Omit all pictures. Quote only the lines from the one with "Size: 2400x2400 |" through the end of the material below.

> _Data block_

○ ○ ○ ○ ○ ○ ○

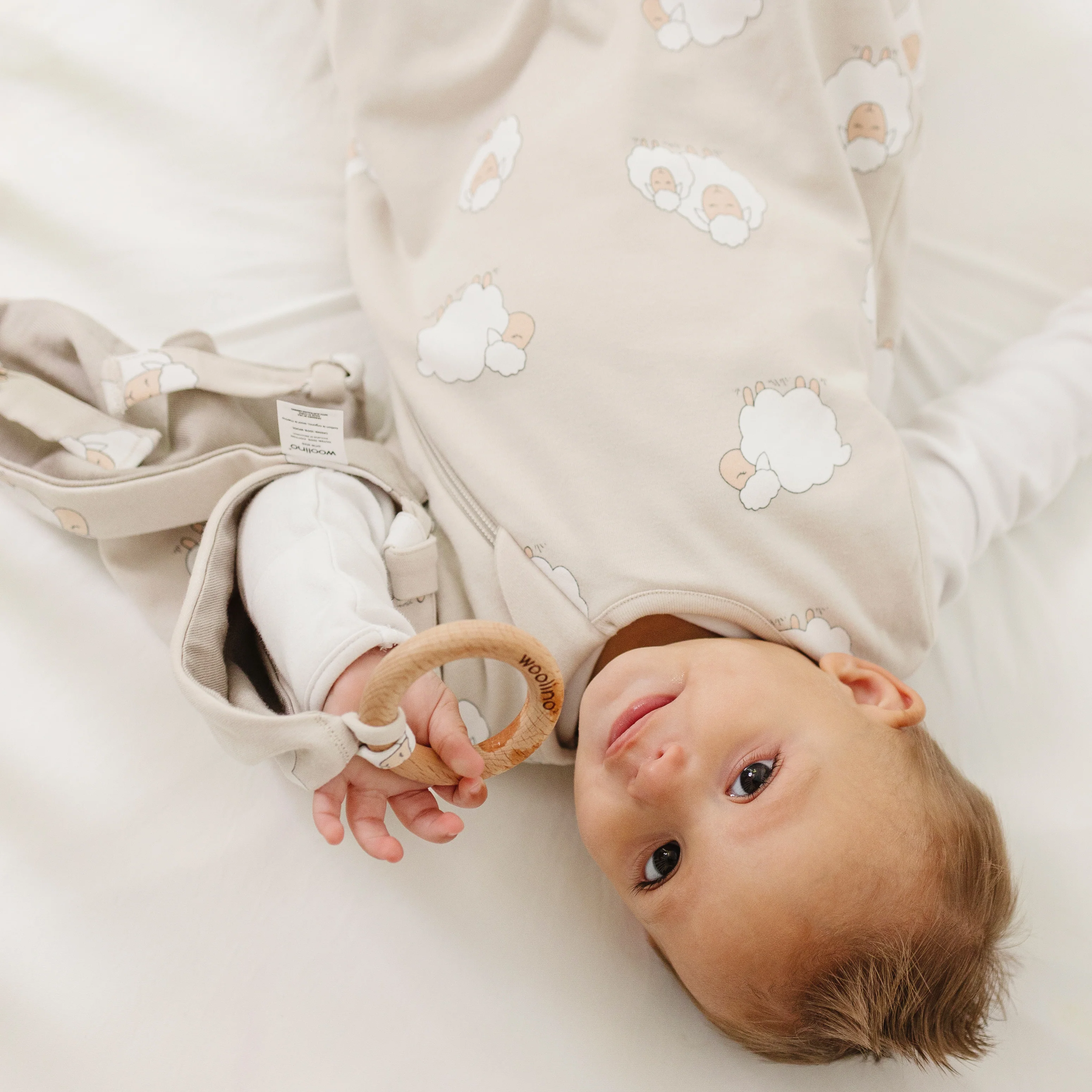 Lovey, Merino Wool and Organic Cotton with Removable Teething Ring, Sheep - Image 4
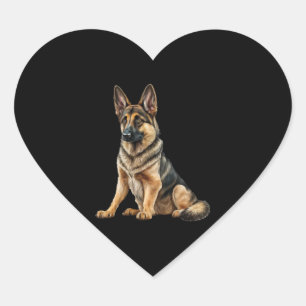 Pegatina En Forma De Corazón El pastor alemán Perro Kawaii.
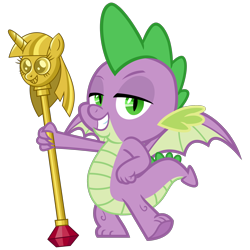 Size: 2400x2400 | Tagged: safe, artist:cheezedoodle96, spike, dragon, g4, .svg available, hand on hip, high res, lidded eyes, looking at you, male, pose, scepter, simple background, smiling, solo, svg, transparent background, twilight scepter, vector, winged spike, wings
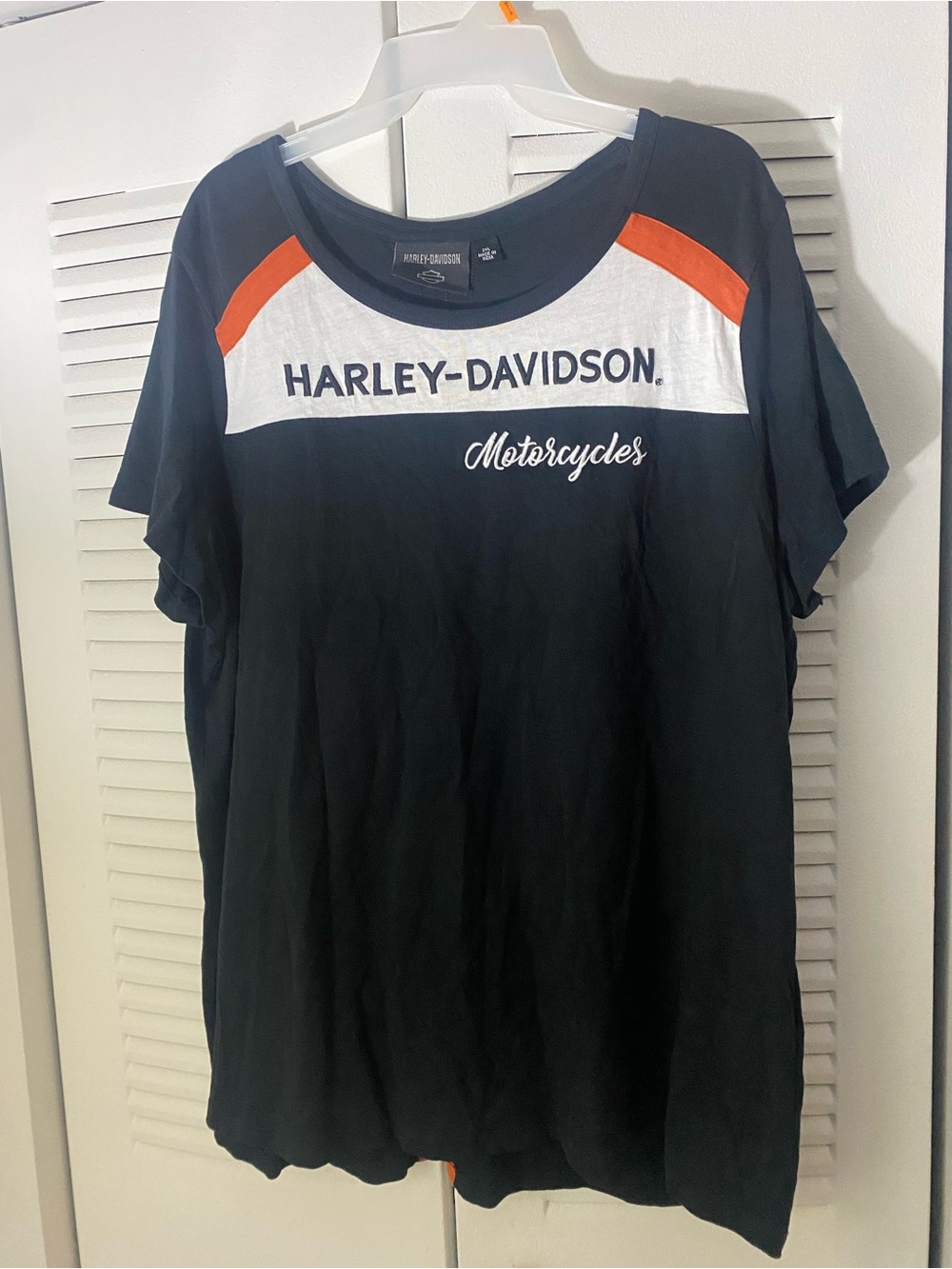 Harley-Davidson Black and White Logo Tee with Navy Accents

○ ○ ○ ○ ○ ○ ○

> _Output of the exercise_
 Size: 2400x2400 | Tagged: safe, artist:cheezedoodle96, spike, dragon, g4, .svg available, hand on hip, high res, lidded eyes, looking at you, male, pose, scepter, simple background, smiling, solo, svg, transparent background, twilight scepter, vector, winged spike, wings
 Harley-Davidson Black and White Logo Tee with Navy Accents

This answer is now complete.